Toyota guarantees its hybrid batteries for 180,000 kilometres or 8 years. The only disadvantage from a driver’s point of view is that the battery pod takes up some room behind the back seat and some of the boot space which reduces the cargo area by a small percentage. And hybrid vehicles will typically cost more than a conventional petrol car, e.g. for the Camry the price is around $3500 more but the fuel savings can pay for this in the next few years depending on your driving situation especially when fuel prices reach the high end of the price cycles.

So why would you buy a hybrid vehicle?

There's no difference in comfort between a hybrid and the petrol-powered car parked in your garage — it accelerates just as quickly and cruises just as fast on the highway, it handles just as smoothly and are just as safe to drive. Well, there is one difference: Hybrids are super-quiet — sometimes you can't tell whether the engine is running or not!
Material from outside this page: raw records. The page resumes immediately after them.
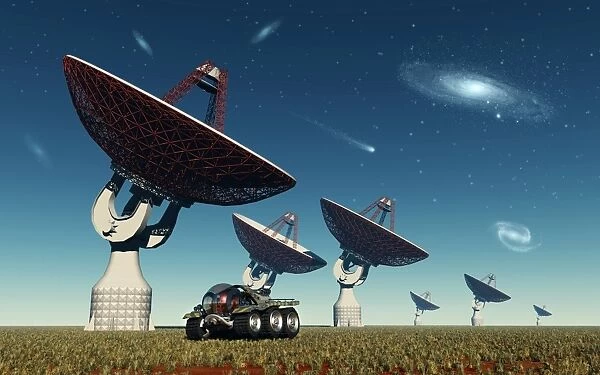 A deep space tracking station on an alien planet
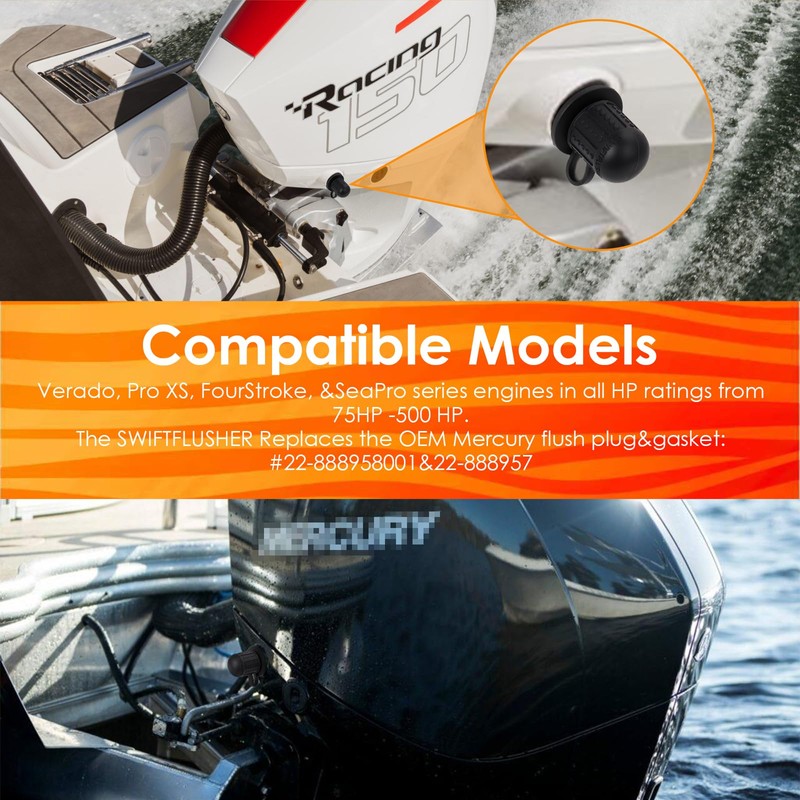 SWIFTFLUSHER Outboard Quick Connect Flush Kit for MERCURY outboard engines，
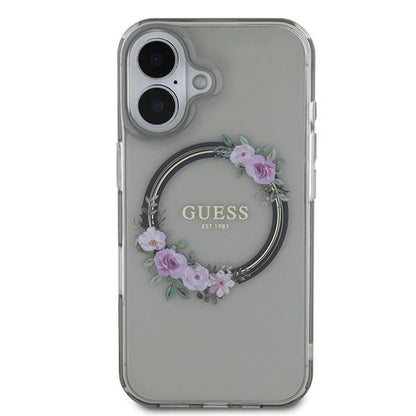 Etui MagSafe dla Apple iPhone 16, Guess, IML Flowers Wreath, Czarne
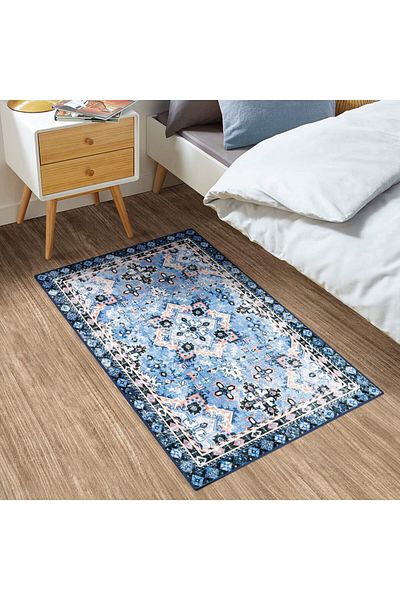 Carvapet Covor, Microfibră, Albastru/roz, 61 X 91 Cm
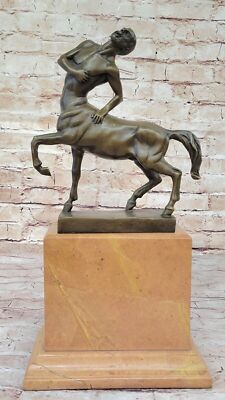Beeindruckende Vintage Solid Bronze Centaur Französisch Mit Marmor Basis Artwork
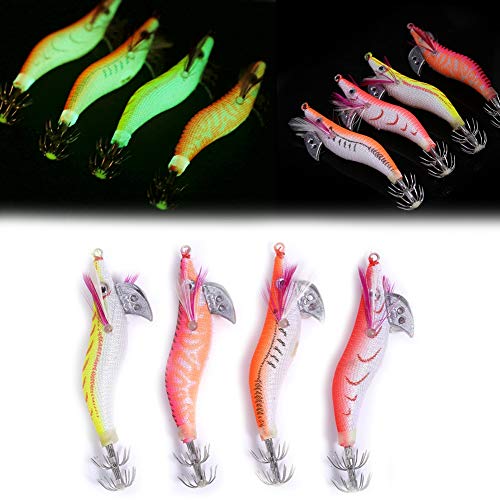 Squid Jig, Soft Luminous Plastic Shrimp Bait, Artificial Jigging Lures, 4Pcs Glow-in-the-Dark Fishing for Night Dawn Anglers, Saltwater Fishermen, Coastal and Deep Sea Fishing Enthusiasts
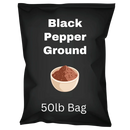 50lb black bag of ground black pepper with bowl illustration on packaging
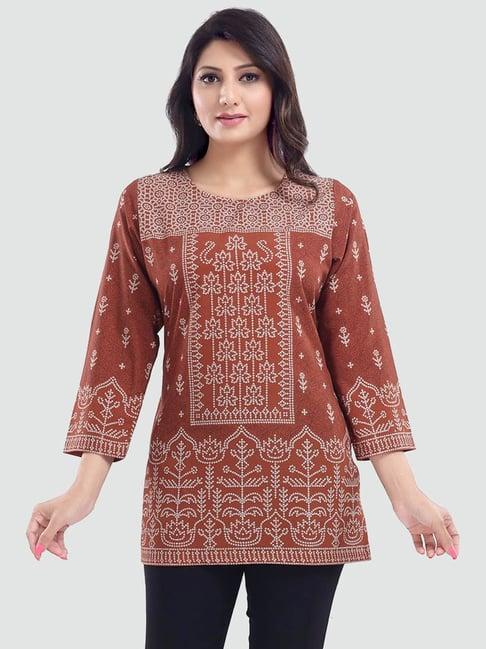 saree swarg rust printed tunic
When power is not needed when stopped at a red light or in bumper-to-bumper traffic, the engine completely shuts down and revs up again when you press on the accelerator, meaning you don't waste gas or emit pollutants. 

Because the petrol engine componet of a hybrid car runs much less than a nornal car you will need less maintenace and the engine will last longer. Your trips to the petrol station will be much less often and we all know how we try to avoid the petrol station run! 

Hybrid cars climb hills really well. As it's torque, not horsepower that helps a car to climb a steep hil, the electric motors in hybrid cars produce a lot of it. Hybrids often feature continuously variable transmissions that allow the engine to operate at the optimal number of revolutions per minute (RPMs) when climbing under full power. This is impossible with conventional transmissions that typically operate with four, five, or six speeds.

Hybrids are still the most financially conscious way to buy some kinds of cars, even aside from high-mindedly doing your part for the Earth.

The future of Hybrid and electric vehicles is set to be very robust as the petrol and diesel engines slowly become uneconomic and threatening our enjoyment.

Toyota Australia are about to release the Corolla Hatch Hybrid (April 2016). We also hear rumors that the RAV4 and other models in the future may offer hybrid variants as well.